# [About this exercise]
From the records that follow, return exactly the lines beginning at the one that contains "Gmina Prażmów dopłaca" and ending at the one that contains "Catrimony: The Feline", pictures left out.

# [Material for this exercise]
══════
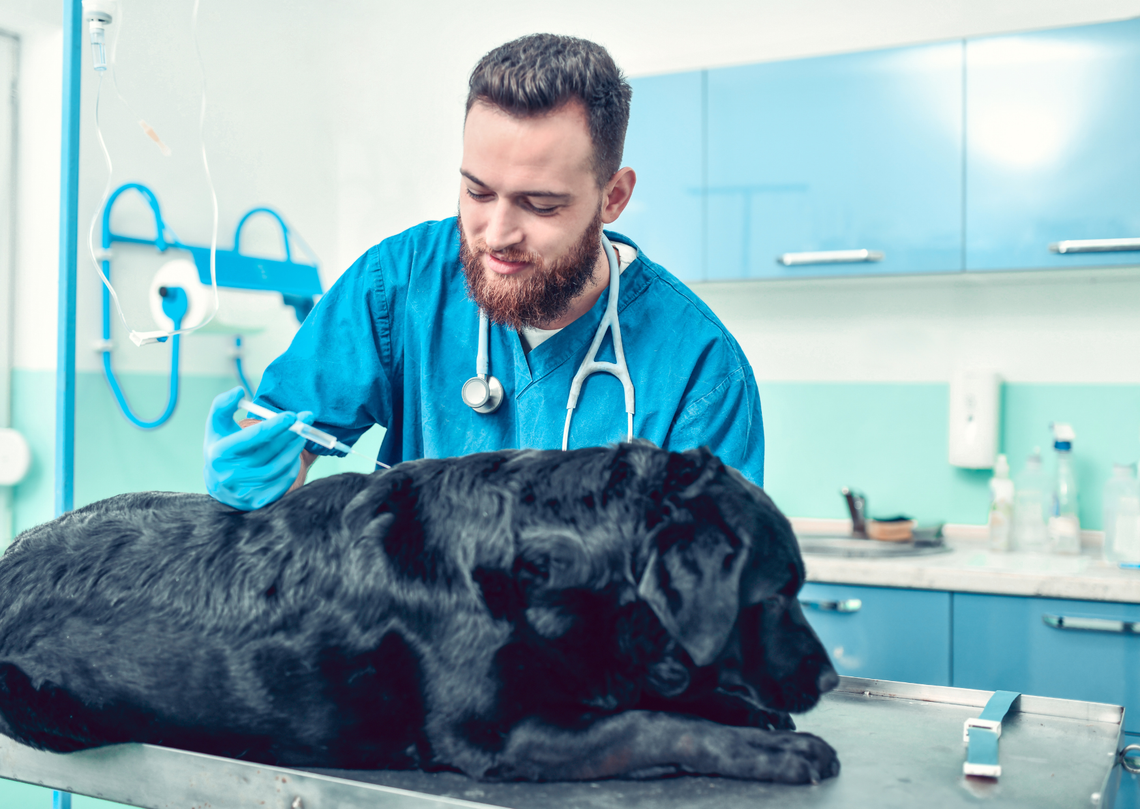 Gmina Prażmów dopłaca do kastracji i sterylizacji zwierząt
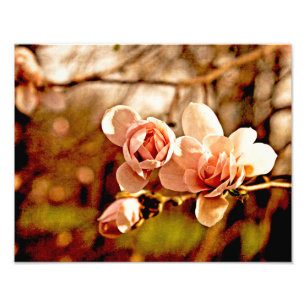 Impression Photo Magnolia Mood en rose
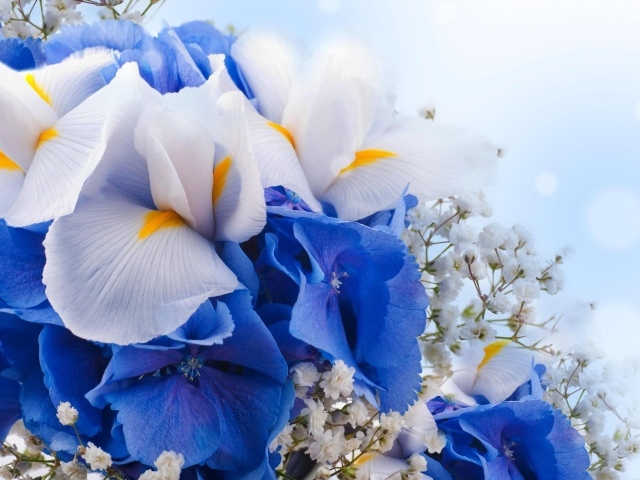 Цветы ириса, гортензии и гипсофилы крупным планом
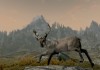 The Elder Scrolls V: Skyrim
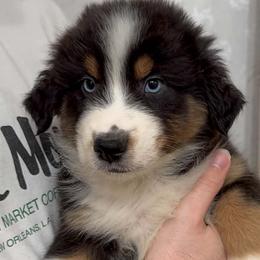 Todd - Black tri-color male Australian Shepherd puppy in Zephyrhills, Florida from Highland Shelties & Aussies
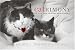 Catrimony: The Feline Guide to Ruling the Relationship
══════
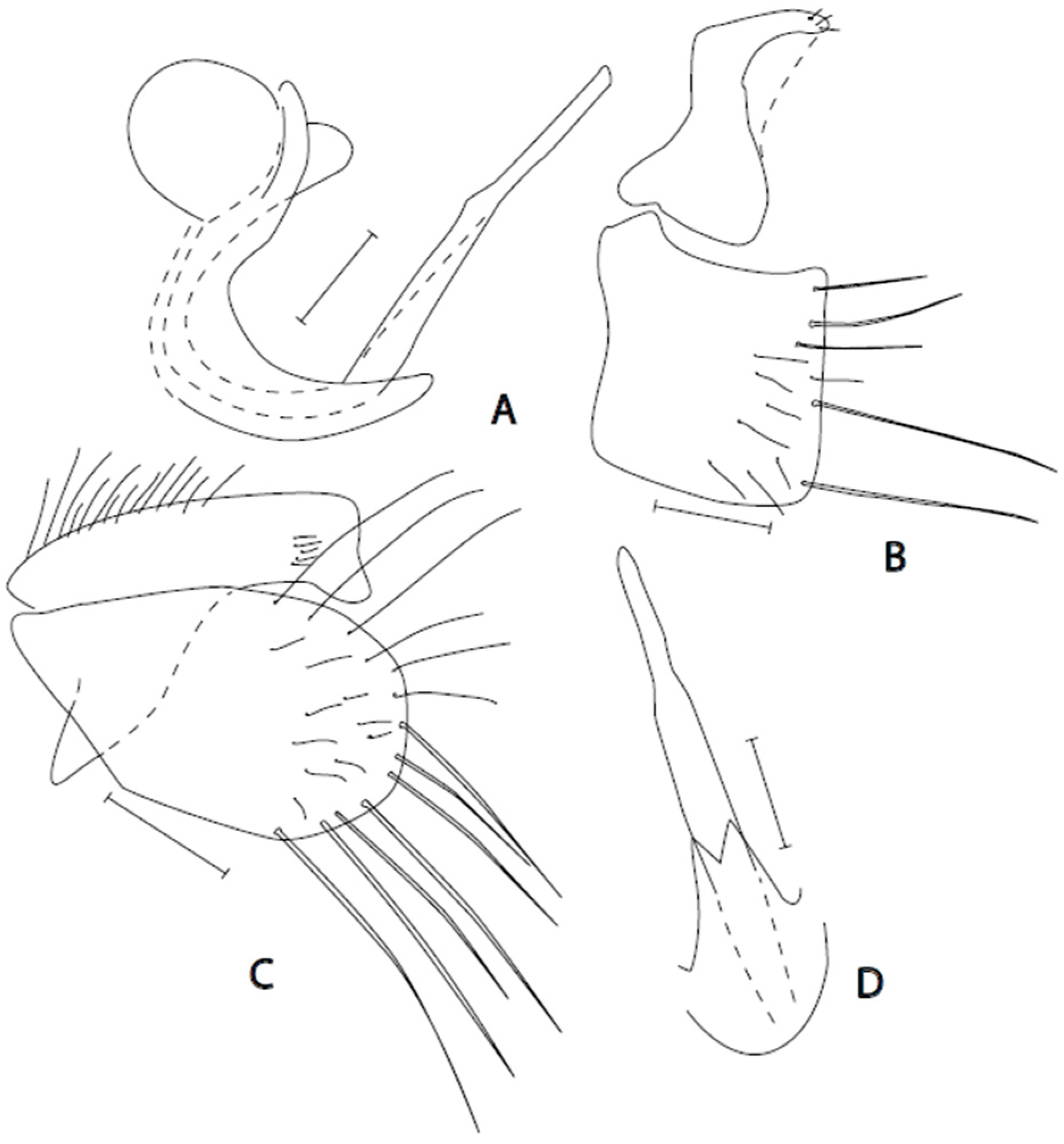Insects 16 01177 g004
══════
# [Answer box]
 Gmina Prażmów dopłaca do kastracji i sterylizacji zwierząt
 Impression Photo Magnolia Mood en rose
 Цветы ириса, гортензии и гипсофилы крупным планом
 The Elder Scrolls V: Skyrim
 Todd - Black tri-color male Australian Shepherd puppy in Zephyrhills, Florida from Highland Shelties & Aussies
 Catrimony: The Feline Guide to Ruling the Relationship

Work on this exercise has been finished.